There are five days until Christmas and, given this year’s circumstances, I am impossibly calm, cool and collected. I keep wondering what is wrong with me that I am so damn relaxed! But I am. It’s strange.
Here’s the situation:
We are moving. And I don’t just mean moving across town. This is a trans-continental move. This is an EPIC move! And it’s happening NOW. Well, not right now, but in three short weeks we’ll be packing our every possession on a semi, then driving across this beautiful, albeit frozen country of ours and going back to my home town. (We won’t be driving the semi - we’ll leave that to the professionals. We’ll be driving our Tundra pick-up - a very capable vehicle for what Mother Nature might have in store for us.)
The reasons for this move are varied, but it has a lot to do with the desire to be closer to my sister and her family. It also has to do with the D. But that is a separate post that I plan on writing very soon.
Right now, the issue is Christmas. And packing. And driving for days on end with two young children across a nation that is, at present, in the icy clutches of Old Man Winter. And all the planning and preparation that these two ginormous events entail.
And...okay, YES. There is the D to consider during all of this. How can we not consider it? It is never something that can be glossed over, even during the simplest of times. I have prepared the lists of things to pack. I’ve ordered the Frio packs to keep cool the three vials of insulin I plan on packing, as insulin likes to be. I’ve taken stock of our supplies and have on order all we will need to top up our reserves. I’ve got the glucagon, which has recently become a more versatile and vital tool in the D toolbox as so many other D families have discovered. (For more info on glucagon mini-dosing, see this awesome post by Lorraine.)
We’ve been discussing the road trip and the need to go low carb with regards to snacking on the road. We won’t be getting much in the way of exercise for several days straight (save for the odd pool time at any hotels we stay at that happen to have such facilities.) This means that the temporary basal function will be called upon often to stave off any spikes. But I want to further minimize the chance of fighting frequent highs which will only serve to make Jenna feel miserable and exhausted. The drive alone will be enough of a physical and mental test as it is, without adding the insult of high blood sugar to it. Doughnuts and muffins, while convenient and readily available, are really not the best choice (and, I dare say, that pertains to all of us.) But I suspect we will all get tired of carrot and celery sticks pretty quickly. So if anyone can recommend any low carb, low fat, low mess, car-friendly snacking ideas kindly leave me a comment.

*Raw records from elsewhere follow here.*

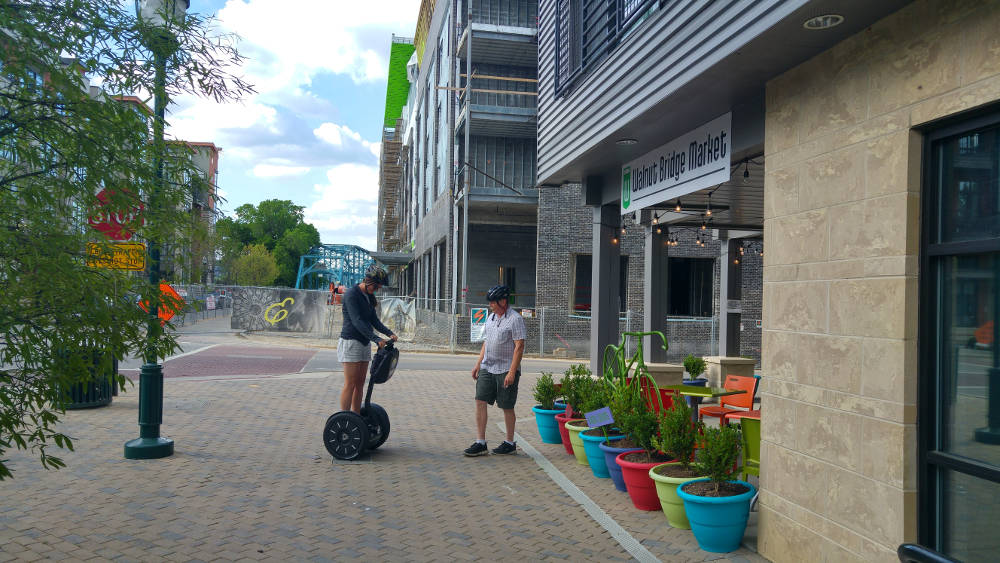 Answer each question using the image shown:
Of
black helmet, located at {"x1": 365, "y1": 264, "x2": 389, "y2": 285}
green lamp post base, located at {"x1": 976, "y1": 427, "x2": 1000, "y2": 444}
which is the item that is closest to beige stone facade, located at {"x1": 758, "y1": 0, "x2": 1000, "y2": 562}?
green lamp post base, located at {"x1": 976, "y1": 427, "x2": 1000, "y2": 444}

So you can imagine what our household looks like these days. Among the boxes and packing paper, we have a tree up, although it is a fake one. Next year we will go back to a real tree. But this year, we had to keep it simple and pull out the ol’ faker. The stockings are hung by the chimney with...uh...well...lets just leave it at “they’re hung.” The word “care” doesn’t apply when they are being taken down, tried on, played with, stuffed with toys from Christmases past and put back up in varying order, multiple times a day! If they survive Jenna’s constant mauling due to her inability to leave all that jingles and sparkles alone, I will be astonished.
We even managed to sneak in a cookie baking session the other day, just prior to packing up my cookie sheets and mixing bowls.
Speaking of packing, J and I are on top of it. We have been picking away at the task for weeks now and our garage is steadily filling with an ever growing mountain of packed boxes.
And in light of the packing chaos this year, we have made reservations to eat Christmas dinner out. This will be a first for us. I’m usually at home stuffing, then wrestling a turkey into a roaster and making those fancy cross slits in the bottom of each brussels sprout, the purpose of which continues to elude me. On any given Christmas day I can be found ironing the fancy table cloth and its matching napkins just prior to placing them on the table which is always just prior to dinner being served. Somehow, I always forget this detail until the very last minute. But this year someone else is going to take care of these details. I whole-heartedly welcome this break from tradition, in light of all that is going on. Next year I’m going to do Christmas up right. The tree will be real. The cookie baking will involve more than just one recipe. And the Christmas dinner will be second to none. But the best part about Christmas next year will be sharing it with my Mom, sister, brother-in-law, nieces and nephew for the first time in too many years. It’s something I’ve been dreaming about for so long.
The next three weeks should prove to be unbelievably busy with a lot to consider, not the least of which is Jenna’s diabetes. But through it all I have somehow become even more aware of how lucky we are and I am incredibly thankful. This seemingly ill-timed move has had a strange, paradoxically calming effect on me. I have a heightened awareness of what is really important. We have amazing, supportive and loving family and friends, both here, on Canada’s west coast and back east in my home town.
And the four of us have each other (and our stash of diabetes supplies.) I don’t need or want for anything more, for I know that wherever we (and the diabetes supplies) are, as long as we are together (with our big box of D-supplies and chilled insulin), that is where home is.